Implementing a DevOps approach
DevOps is a methodology used by teams to integrate and automate IT operations and software development. At its core, it enables technology teams to move with speed and velocity, with companies of all sizes able to continuously build and deploy great software. Behind every strong DevOps initiative is a clear and consistent observability strategy that ensures performance data is added to the Integrated Development Environment (IDE) from the start of code creation.
This enables performance and reliability to sit at the heart of the functional requirements of code, and the entire engineering supply chain can be forged on a foundation of simple collaboration across the whole lifecycle. The fine-tuning of code throughout the development process means that once it hits production, any problems have generally been rectified through earlier testing. This ‘shift left’ approach enables developers to catch defects much earlier and reduces the costs associated with fixing bugs at the end of code development. By adopting a DevOps approach, enterprises that struggle with release velocity will be able to tap into the agility that digital natives are known for, resulting in faster and more frequent deployments.

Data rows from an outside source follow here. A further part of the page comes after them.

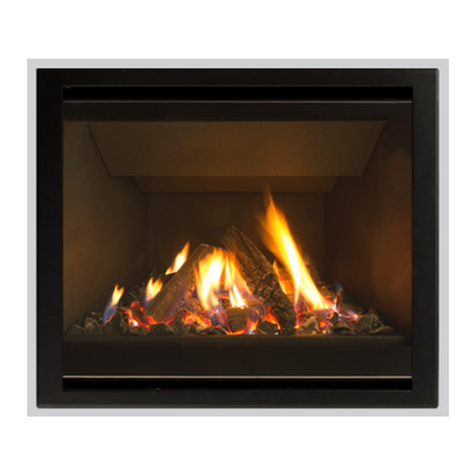 Escea DF Series Installation and maintenance instructions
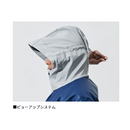 ダイワ 防寒ウェア DW-6025 PUオーシャンウィンタースーツ ネイビーホワイト DAIWA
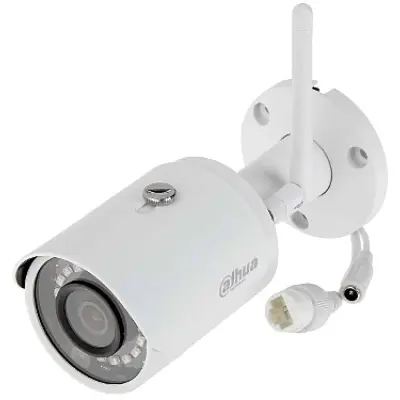 DAHUA mini bullet Wi-Fi IPC-HFW1435S-W-0280B videonadzorna kamera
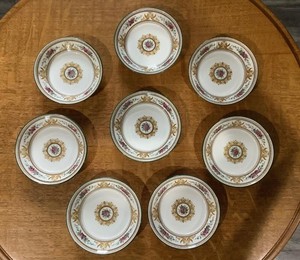 Wedgwood Columbia W595 | eBay
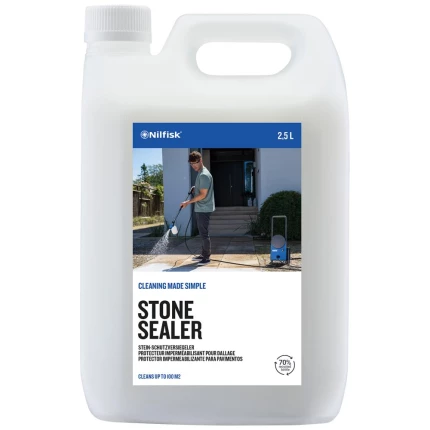 Stone Sealer forseglende rengøringsmiddel 2,5ltr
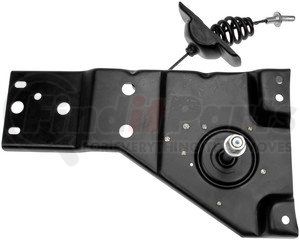 924-511 by DORMAN - Spare Tire Hoist Assembly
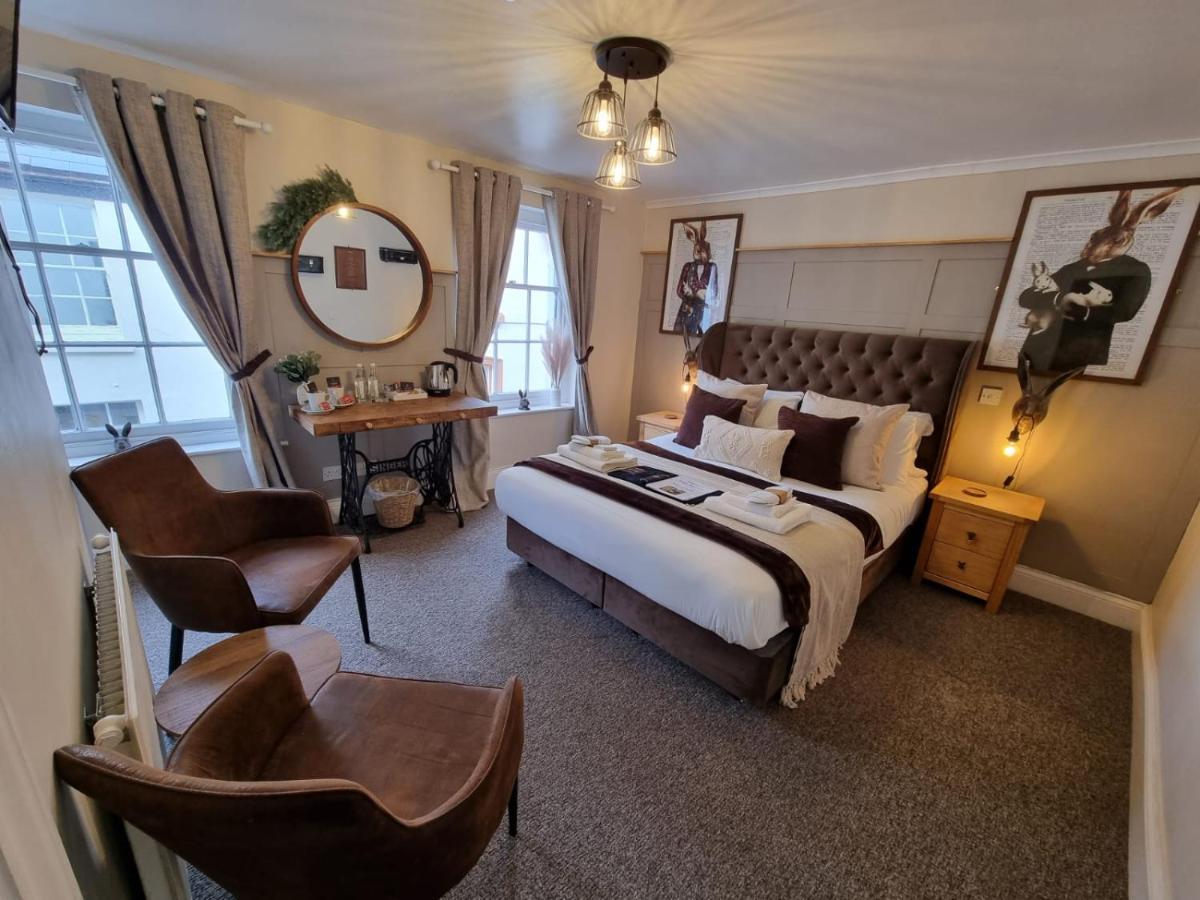 Bed and Breakfast Creates Monmouth Esterno foto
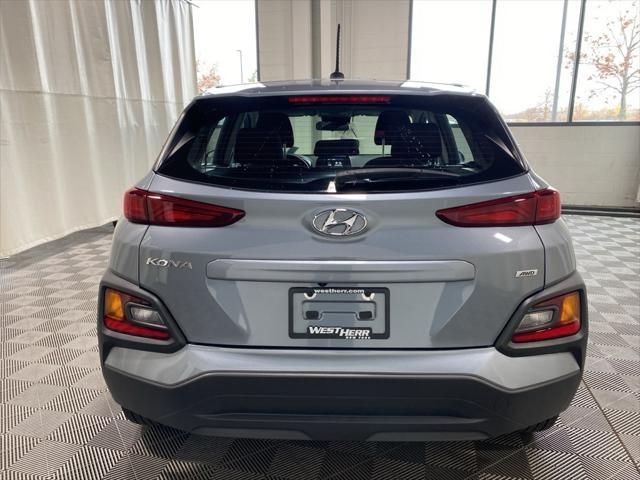 used 2019 Hyundai Kona car, priced at $16,987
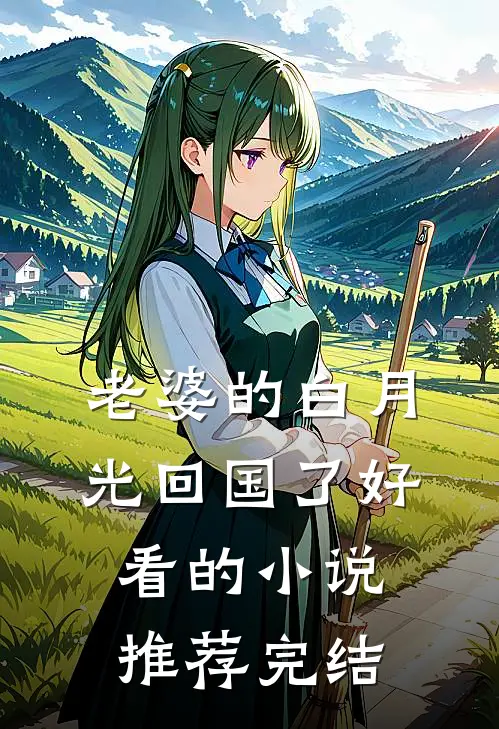 老婆的白月光回国了好看的小说推荐完结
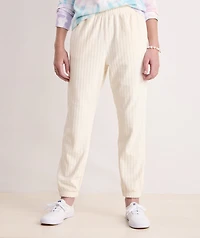 Girls' Velour Joggers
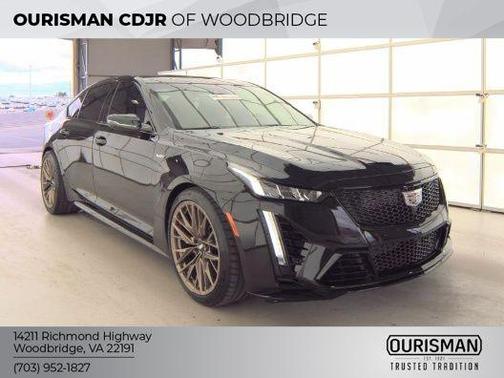 2023 Cadillac CT5-V V-Series Blackwing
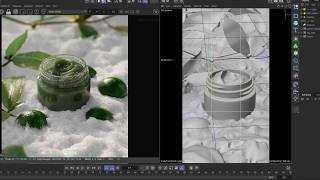 Cinema 4D & Octane — Photorealistic Product Rendering Tutorial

Creating space for developer innovation
The core difference between businesses with legacy and technology-driven enterprises is that software sits at the heart of digital natives. Just take Uber, for example. They don’t view themselves as a transport company; they are a digital platform where software is the business.
But when it comes to organisations in traditional industries such as banking, retail and telecommunications, many are struggling to attract, hire and retain top talent because the focus on technology isn’t front and centre. Instead of creating the latest bit of tech, many developers are finding themselves scrambling to fix an outage that has been reported by multiple customer complaints to call centres. This is not only damaging to customer loyalty, but it’s also the kind of thing that stifles developer innovation. By creating space for developers to innovate and take risks, they are able to flex their creativity, remain engaged, and create meaningful software that they are proud of.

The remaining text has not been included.